The last month has been a roller coaster for the New Orleans Pelicans. Seven consecutive wins, followed by four straight defeats, and now, after a thrilling 119-118 victory over the Minnesota Timberwolves on Wednesday night, a four-game winning streak.
Zion Williamson was the hero once again, as he put the Pels on his back in the final minutes of the fourth quarter and turned in the highest-scoring game of his career. He finished with 43 points on 14-of-21 from the field, three rebounds and five assists. Fourteen of those points came during the final two minutes and 44 seconds of the game, an outrageous run that may have been the pinnacle of the Williamson experience to this point.
The conclusion to Wednesday night’s game is exactly why Williamson has long been described as must-see TV. Every time the Pelicans play you feel a need to tune in because you don’t want to miss out on these remarkable moments.
As the clock ticked under three minutes, the Pelicans trailed by five and it seemed like their winning streak may be coming to an end. Williamson had other ideas. Over the final 2:44, he outscored the Wolves by himself, 14-8, to complete a stunning comeback. He had every single point and took all but one shot for the Pelicans during that stretch. He had three different game-tying baskets and two go-ahead scores, including the game-winning free throw with four seconds to play.
“I watched a lot of old school players and I tried to figure out their mindsets, and all their mindsets were the same. People remember winners,” Williamson said. “So, whenever that time comes for me to be done with the game of basketball, I want people to say that he was a winner. And CJ looked at me and said, ‘If you wanna be great, this is the time to step up.’ And that was all the motivation I needed.”
It was one of the best individual stretches we’ve seen in years, let alone this season. Everyone in the building knew he was getting the ball every time down the court, and it just didn’t matter. He was too athletic, too skilled and too determined for the Wolves to stop him.
Even Rudy Gobert, whom the Wolves gave up a fortune to acquire specifically for moments like this, had no answer. In one of the most stunning plays of the sequence, Williamson took off from just inside the free-throw line and floated to the rim for a finger roll layup before Gobert could even get off the ground.
“Like, I don’t think I’ve ever seen anything like that,” McCollum said. “I don’t know if we will see somebody with that strength, that power, that speed with the ability to still jump east and west and straight up.

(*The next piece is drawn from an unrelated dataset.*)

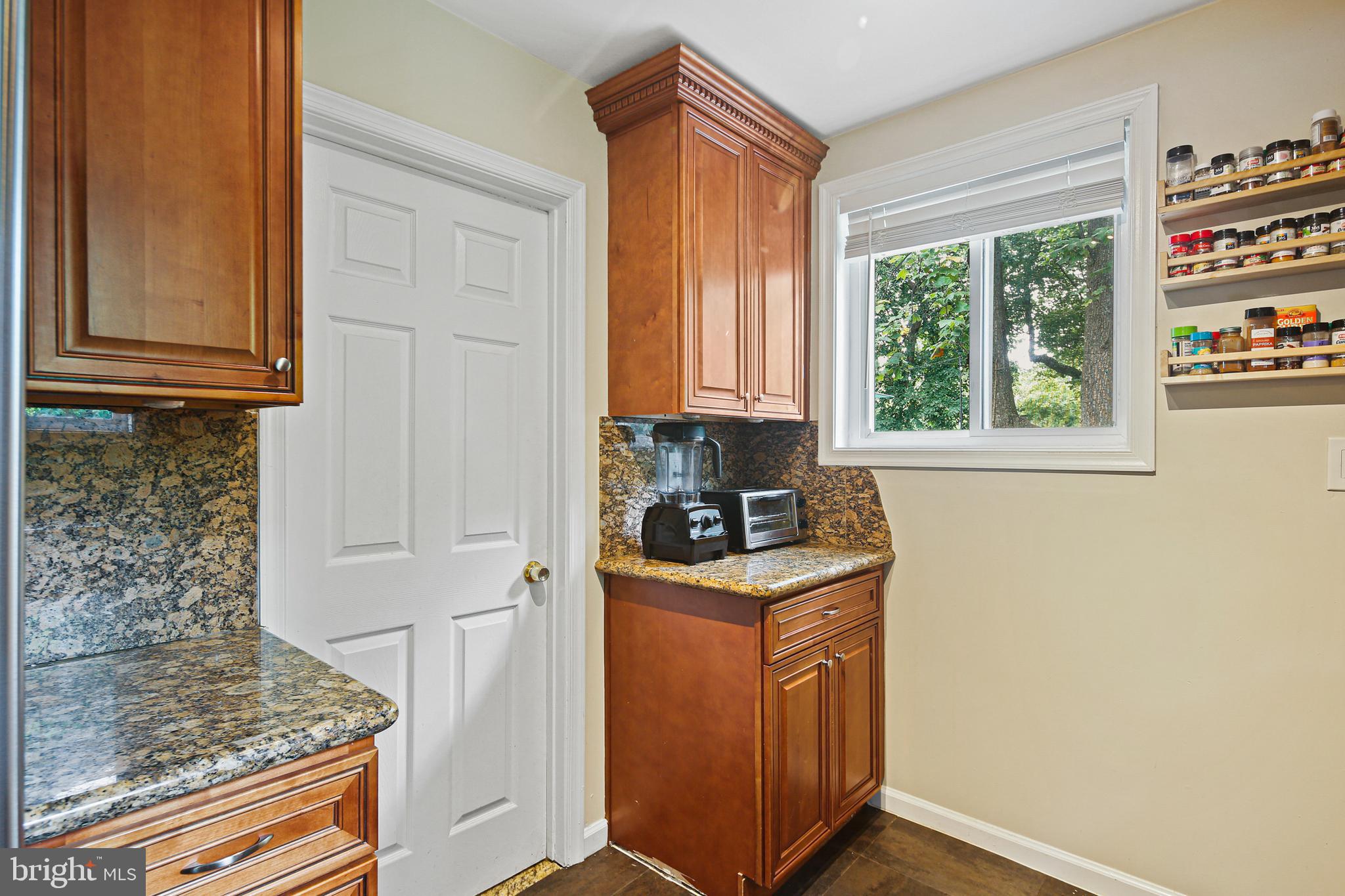 UNIVERSITY HILLS - Residential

He can jump east and west and finish, which is tough and makes it hard for defenses to guard him.”
Finally healthy after missing the end of the 2020-21 season and entire 2021-22 season due to injury, Williamson is fulfilling the promise that made him the No. 1 overall pick in the 2019 NBA Draft. For the season he’s averaging 25.2 points, 7.2 rebounds and 4.7 assists per game, while shooting 60.7 percent from the field. Best of all, he has the Pelicans in first place in the Western Conference at 22-12.